_Records shown:_
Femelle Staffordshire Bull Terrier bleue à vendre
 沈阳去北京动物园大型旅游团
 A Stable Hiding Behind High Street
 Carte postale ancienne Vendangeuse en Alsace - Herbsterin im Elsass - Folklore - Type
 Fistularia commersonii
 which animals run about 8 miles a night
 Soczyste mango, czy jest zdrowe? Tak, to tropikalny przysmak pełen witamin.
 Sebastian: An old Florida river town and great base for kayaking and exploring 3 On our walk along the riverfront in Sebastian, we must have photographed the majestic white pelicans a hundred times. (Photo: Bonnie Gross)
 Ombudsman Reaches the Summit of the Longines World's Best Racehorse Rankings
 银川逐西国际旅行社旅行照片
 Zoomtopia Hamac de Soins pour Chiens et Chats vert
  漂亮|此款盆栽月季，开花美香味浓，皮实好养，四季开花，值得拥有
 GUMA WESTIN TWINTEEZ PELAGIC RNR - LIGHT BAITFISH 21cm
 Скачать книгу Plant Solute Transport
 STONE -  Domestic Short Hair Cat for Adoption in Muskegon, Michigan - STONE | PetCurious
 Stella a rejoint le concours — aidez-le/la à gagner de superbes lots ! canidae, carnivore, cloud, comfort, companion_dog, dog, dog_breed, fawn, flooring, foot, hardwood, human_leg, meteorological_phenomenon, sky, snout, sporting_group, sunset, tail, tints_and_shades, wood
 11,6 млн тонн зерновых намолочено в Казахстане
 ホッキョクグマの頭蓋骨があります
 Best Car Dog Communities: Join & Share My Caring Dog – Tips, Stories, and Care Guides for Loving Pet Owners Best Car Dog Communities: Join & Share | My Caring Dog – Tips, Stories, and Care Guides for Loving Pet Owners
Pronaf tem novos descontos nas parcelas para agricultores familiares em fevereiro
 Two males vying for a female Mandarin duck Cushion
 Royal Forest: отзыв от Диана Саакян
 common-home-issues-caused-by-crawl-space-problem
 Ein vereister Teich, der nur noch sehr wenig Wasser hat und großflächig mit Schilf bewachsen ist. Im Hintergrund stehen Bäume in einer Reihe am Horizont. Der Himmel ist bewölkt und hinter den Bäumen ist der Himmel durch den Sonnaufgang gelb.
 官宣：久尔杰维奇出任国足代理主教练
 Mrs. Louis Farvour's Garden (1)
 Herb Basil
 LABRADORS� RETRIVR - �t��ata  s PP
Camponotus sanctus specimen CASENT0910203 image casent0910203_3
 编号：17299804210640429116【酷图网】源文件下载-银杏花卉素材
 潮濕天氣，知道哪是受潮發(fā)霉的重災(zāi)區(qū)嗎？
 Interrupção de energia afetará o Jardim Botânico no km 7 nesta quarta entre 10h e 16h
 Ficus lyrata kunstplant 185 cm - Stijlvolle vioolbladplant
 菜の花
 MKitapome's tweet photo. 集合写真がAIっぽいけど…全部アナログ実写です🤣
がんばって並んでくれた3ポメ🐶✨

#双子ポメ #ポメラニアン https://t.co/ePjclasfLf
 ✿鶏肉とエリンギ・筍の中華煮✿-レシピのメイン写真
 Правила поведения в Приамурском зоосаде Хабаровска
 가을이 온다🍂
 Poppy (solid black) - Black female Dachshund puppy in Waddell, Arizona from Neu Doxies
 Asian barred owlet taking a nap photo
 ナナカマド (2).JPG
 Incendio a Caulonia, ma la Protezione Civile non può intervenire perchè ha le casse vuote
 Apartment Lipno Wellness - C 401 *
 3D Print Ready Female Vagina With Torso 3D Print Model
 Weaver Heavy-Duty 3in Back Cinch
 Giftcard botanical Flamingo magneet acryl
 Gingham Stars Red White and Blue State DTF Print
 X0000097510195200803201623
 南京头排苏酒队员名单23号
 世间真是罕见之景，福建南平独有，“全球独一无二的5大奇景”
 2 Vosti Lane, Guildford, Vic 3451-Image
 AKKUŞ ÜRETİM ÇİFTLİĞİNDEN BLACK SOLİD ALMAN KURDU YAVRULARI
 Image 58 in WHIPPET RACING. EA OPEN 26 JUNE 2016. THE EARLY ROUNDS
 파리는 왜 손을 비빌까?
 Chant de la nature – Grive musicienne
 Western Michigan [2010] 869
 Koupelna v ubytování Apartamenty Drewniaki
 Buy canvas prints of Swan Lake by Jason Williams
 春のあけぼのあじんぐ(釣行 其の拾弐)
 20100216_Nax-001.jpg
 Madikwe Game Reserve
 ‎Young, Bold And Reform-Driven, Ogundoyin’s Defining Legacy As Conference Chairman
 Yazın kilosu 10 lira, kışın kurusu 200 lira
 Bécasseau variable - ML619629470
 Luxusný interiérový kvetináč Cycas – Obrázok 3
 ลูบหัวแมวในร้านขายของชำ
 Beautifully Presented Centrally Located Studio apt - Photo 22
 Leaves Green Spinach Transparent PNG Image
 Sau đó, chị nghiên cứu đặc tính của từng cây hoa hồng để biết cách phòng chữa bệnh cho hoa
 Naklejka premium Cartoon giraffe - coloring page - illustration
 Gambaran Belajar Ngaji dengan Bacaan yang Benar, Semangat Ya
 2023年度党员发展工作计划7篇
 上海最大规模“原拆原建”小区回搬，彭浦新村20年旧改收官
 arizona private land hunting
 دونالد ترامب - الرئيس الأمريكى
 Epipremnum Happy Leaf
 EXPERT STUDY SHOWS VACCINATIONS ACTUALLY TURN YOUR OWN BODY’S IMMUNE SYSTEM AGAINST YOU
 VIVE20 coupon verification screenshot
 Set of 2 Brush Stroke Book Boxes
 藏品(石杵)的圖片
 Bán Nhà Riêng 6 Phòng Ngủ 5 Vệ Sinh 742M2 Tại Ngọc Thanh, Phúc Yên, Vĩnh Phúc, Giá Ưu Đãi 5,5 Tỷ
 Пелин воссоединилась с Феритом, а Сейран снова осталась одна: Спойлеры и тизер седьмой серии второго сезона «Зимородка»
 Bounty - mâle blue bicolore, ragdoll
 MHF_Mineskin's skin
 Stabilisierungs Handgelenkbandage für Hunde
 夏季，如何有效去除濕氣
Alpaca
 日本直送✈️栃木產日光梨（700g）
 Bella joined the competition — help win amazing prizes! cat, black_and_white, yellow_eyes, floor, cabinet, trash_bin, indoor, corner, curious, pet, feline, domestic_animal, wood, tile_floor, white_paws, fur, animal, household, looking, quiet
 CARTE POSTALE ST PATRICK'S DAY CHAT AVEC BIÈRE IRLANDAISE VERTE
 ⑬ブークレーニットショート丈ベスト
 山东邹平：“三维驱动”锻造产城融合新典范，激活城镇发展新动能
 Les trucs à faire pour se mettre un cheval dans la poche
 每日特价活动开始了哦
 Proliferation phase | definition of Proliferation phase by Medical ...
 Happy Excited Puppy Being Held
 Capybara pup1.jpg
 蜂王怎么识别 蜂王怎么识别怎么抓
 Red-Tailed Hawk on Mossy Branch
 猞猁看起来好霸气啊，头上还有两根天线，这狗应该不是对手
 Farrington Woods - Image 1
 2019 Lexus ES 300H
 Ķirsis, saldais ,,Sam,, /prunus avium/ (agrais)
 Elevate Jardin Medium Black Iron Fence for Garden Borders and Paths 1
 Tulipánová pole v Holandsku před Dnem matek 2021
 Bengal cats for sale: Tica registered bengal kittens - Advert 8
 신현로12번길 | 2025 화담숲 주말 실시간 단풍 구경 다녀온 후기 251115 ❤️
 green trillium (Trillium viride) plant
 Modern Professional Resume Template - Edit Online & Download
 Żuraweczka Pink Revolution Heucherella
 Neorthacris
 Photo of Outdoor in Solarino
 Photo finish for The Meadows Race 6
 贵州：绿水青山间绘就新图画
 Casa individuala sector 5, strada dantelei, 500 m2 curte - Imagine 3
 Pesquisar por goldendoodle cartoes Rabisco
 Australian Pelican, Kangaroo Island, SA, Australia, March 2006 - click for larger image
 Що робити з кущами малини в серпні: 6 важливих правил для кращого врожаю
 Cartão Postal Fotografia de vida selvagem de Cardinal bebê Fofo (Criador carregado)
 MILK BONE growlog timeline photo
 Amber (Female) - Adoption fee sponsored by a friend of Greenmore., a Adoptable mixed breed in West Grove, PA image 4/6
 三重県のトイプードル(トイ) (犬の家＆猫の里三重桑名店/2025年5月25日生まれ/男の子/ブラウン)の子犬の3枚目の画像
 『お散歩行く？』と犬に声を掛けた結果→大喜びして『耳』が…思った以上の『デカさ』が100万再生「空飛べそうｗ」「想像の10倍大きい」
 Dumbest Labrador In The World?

_Exercise directions:_
Which lines above run from the one containing "ホッキョクグマの頭蓋骨があります" to the one containing "Royal Forest: отзыв от Диана Саакян"? Give them again exactly, both ends included.

_Solution to the exercise:_
 ホッキョクグマの頭蓋骨があります
 Best Car Dog Communities: Join & Share My Caring Dog – Tips, Stories, and Care Guides for Loving Pet Owners Best Car Dog Communities: Join & Share | My Caring Dog – Tips, Stories, and Care Guides for Loving Pet Owners
Pronaf tem novos descontos nas parcelas para agricultores familiares em fevereiro
 Two males vying for a female Mandarin duck Cushion
 Royal Forest: отзыв от Диана Саакян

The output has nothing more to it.